→ **Task directions**
Leaving out pictures, output exactly the lines below from the one that has "Hey everybody! Welcome" through the one that has "To reset all", and nothing else.

→ **Input material**
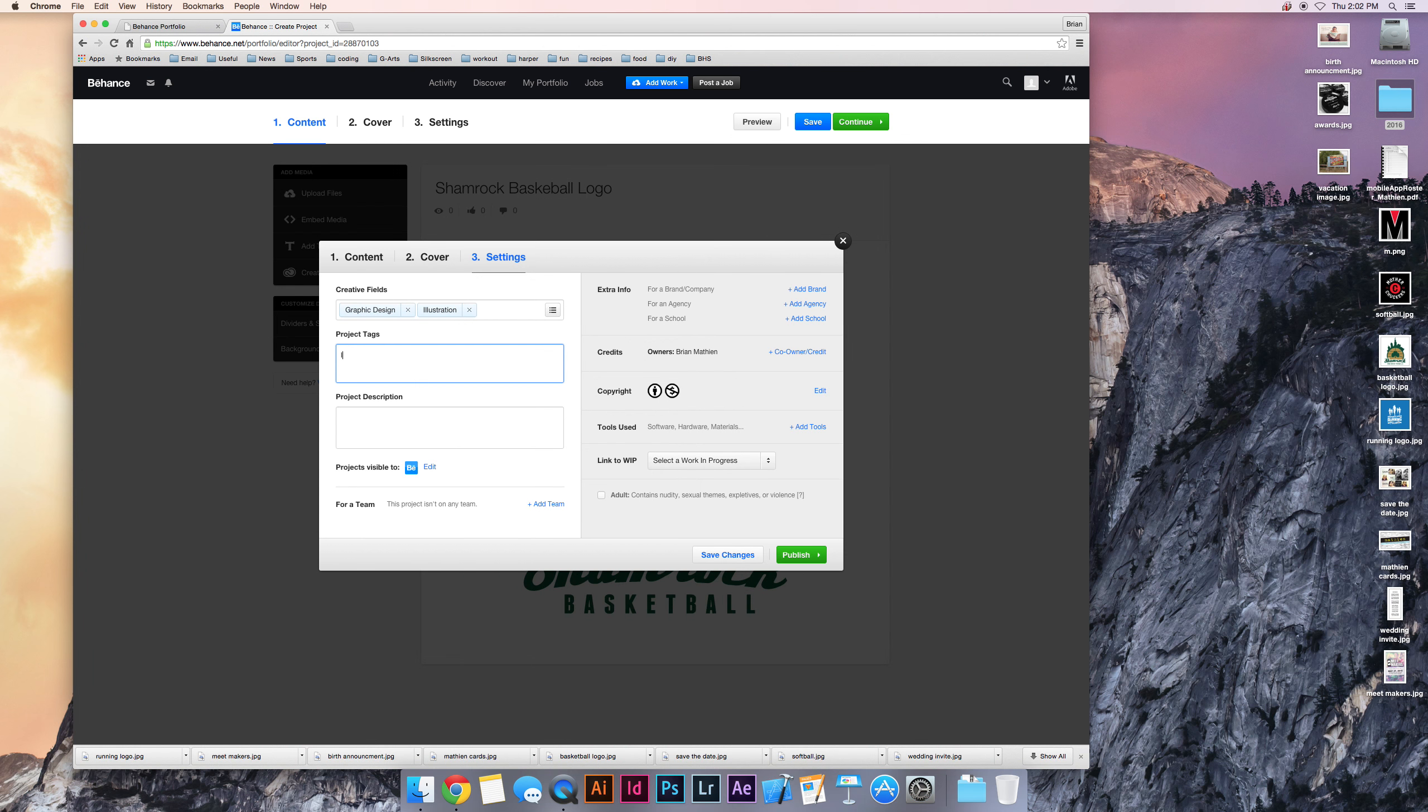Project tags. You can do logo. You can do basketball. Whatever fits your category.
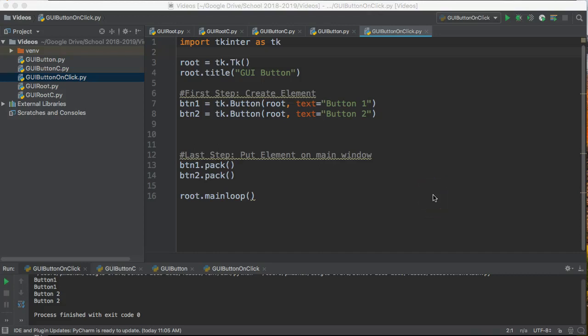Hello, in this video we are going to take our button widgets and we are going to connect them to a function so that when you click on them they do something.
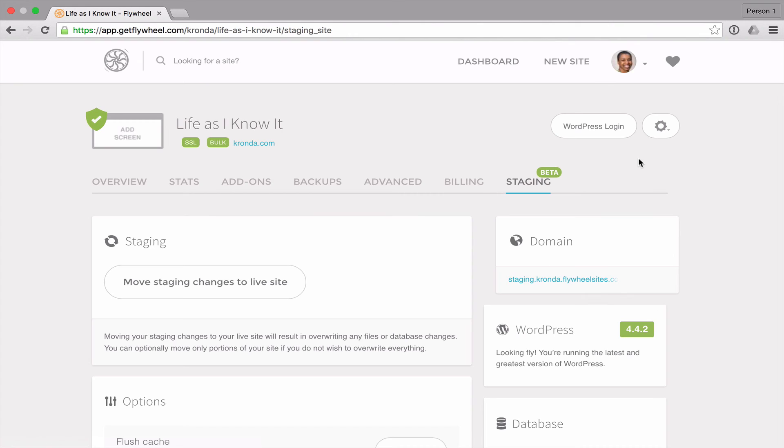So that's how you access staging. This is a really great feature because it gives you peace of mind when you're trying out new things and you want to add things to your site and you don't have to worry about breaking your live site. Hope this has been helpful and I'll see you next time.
--
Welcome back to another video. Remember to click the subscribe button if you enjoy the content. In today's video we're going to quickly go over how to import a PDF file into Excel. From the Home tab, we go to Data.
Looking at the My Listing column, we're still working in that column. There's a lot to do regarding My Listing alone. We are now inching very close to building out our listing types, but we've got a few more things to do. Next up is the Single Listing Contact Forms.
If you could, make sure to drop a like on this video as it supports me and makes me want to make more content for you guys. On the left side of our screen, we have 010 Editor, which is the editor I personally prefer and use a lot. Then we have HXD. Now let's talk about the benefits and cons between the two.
==
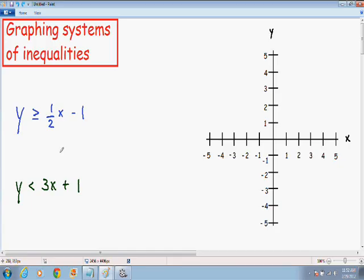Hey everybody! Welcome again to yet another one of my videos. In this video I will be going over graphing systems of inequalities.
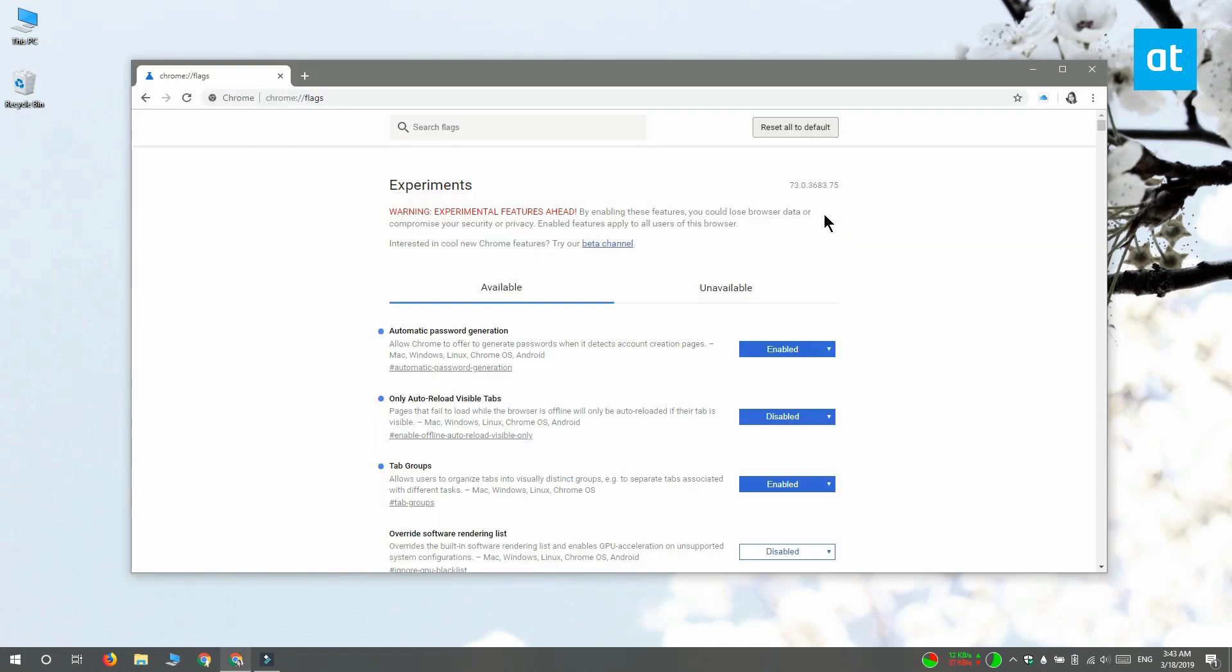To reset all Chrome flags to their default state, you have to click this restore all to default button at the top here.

→ **Answer box**
Hey everybody! Welcome again to yet another one of my videos. In this video I will be going over graphing systems of inequalities.
To reset all Chrome flags to their default state, you have to click this restore all to default button at the top here.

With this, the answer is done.